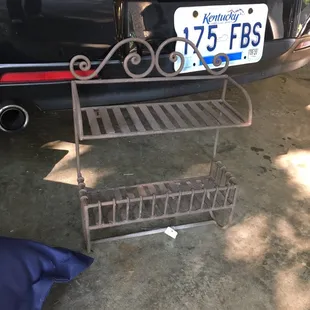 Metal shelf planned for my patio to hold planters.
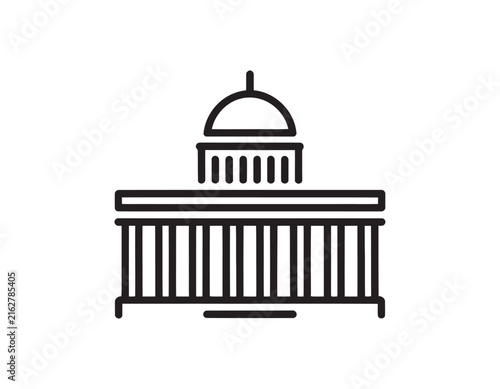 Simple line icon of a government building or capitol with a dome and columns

==

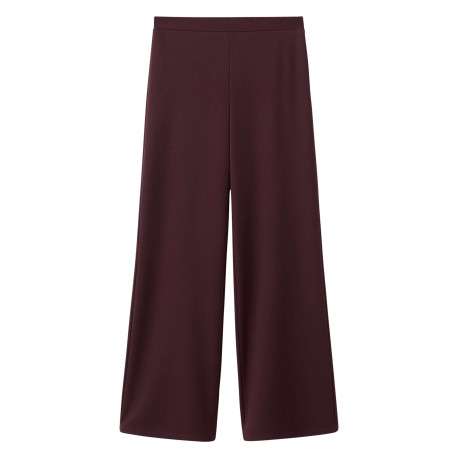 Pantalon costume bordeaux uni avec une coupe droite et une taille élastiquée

Work instruction: Copy exactly the lines of the entries above from the one containing "Metal shelf planned" through the one containing "Simple line icon". Both end lines count; pictures do not.

Written reply:
 Metal shelf planned for my patio to hold planters.
 Simple line icon of a government building or capitol with a dome and columns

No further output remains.